## WHAT YOU HAVE TO DO:
The answer must be an exact copy of the listing below.

----------------

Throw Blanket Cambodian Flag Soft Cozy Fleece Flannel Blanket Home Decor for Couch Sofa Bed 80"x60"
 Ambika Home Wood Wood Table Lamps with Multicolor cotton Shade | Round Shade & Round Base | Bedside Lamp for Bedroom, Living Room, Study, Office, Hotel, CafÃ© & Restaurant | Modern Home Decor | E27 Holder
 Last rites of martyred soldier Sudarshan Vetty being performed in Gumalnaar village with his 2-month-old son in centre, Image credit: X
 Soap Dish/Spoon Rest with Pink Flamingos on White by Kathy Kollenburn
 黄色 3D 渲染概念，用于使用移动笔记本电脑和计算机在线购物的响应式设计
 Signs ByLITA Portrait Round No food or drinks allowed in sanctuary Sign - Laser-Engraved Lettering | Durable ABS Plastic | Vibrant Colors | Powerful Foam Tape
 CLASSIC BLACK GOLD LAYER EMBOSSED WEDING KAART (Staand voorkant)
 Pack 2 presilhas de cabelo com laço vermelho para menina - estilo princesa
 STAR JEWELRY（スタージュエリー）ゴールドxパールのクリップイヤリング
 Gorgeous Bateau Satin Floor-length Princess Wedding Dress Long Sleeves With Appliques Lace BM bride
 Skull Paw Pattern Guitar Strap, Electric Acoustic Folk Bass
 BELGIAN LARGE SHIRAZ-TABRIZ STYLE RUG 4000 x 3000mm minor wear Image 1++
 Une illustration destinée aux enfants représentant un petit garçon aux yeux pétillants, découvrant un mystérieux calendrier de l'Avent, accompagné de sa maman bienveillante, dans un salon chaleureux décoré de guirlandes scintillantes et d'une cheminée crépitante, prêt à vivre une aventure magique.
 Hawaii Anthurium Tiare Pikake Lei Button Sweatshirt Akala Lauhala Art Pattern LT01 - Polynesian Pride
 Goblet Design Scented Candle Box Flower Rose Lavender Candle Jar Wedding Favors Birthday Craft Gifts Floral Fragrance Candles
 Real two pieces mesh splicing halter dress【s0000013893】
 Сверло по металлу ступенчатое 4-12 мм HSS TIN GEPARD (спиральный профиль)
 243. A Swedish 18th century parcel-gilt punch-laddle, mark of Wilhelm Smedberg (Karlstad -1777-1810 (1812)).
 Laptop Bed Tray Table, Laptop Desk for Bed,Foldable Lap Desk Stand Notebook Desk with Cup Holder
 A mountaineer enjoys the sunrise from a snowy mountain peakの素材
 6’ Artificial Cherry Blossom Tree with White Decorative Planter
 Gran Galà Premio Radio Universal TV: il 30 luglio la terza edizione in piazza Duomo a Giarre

----------------

## THE ANSWER:
Throw Blanket Cambodian Flag Soft Cozy Fleece Flannel Blanket Home Decor for Couch Sofa Bed 80"x60"
 Ambika Home Wood Wood Table Lamps with Multicolor cotton Shade | Round Shade & Round Base | Bedside Lamp for Bedroom, Living Room, Study, Office, Hotel, CafÃ© & Restaurant | Modern Home Decor | E27 Holder
 Last rites of martyred soldier Sudarshan Vetty being performed in Gumalnaar village with his 2-month-old son in centre, Image credit: X
 Soap Dish/Spoon Rest with Pink Flamingos on White by Kathy Kollenburn
 黄色 3D 渲染概念，用于使用移动笔记本电脑和计算机在线购物的响应式设计
 Signs ByLITA Portrait Round No food or drinks allowed in sanctuary Sign - Laser-Engraved Lettering | Durable ABS Plastic | Vibrant Colors | Powerful Foam Tape
 CLASSIC BLACK GOLD LAYER EMBOSSED WEDING KAART (Staand voorkant)
 Pack 2 presilhas de cabelo com laço vermelho para menina - estilo princesa
 STAR JEWELRY（スタージュエリー）ゴールドxパールのクリップイヤリング
 Gorgeous Bateau Satin Floor-length Princess Wedding Dress Long Sleeves With Appliques Lace BM bride
 Skull Paw Pattern Guitar Strap, Electric Acoustic Folk Bass
 BELGIAN LARGE SHIRAZ-TABRIZ STYLE RUG 4000 x 3000mm minor wear Image 1++
 Une illustration destinée aux enfants représentant un petit garçon aux yeux pétillants, découvrant un mystérieux calendrier de l'Avent, accompagné de sa maman bienveillante, dans un salon chaleureux décoré de guirlandes scintillantes et d'une cheminée crépitante, prêt à vivre une aventure magique.
 Hawaii Anthurium Tiare Pikake Lei Button Sweatshirt Akala Lauhala Art Pattern LT01 - Polynesian Pride
 Goblet Design Scented Candle Box Flower Rose Lavender Candle Jar Wedding Favors Birthday Craft Gifts Floral Fragrance Candles
 Real two pieces mesh splicing halter dress【s0000013893】
 Сверло по металлу ступенчатое 4-12 мм HSS TIN GEPARD (спиральный профиль)
 243. A Swedish 18th century parcel-gilt punch-laddle, mark of Wilhelm Smedberg (Karlstad -1777-1810 (1812)).
 Laptop Bed Tray Table, Laptop Desk for Bed,Foldable Lap Desk Stand Notebook Desk with Cup Holder
 A mountaineer enjoys the sunrise from a snowy mountain peakの素材
 6’ Artificial Cherry Blossom Tree with White Decorative Planter
 Gran Galà Premio Radio Universal TV: il 30 luglio la terza edizione in piazza Duomo a Giarre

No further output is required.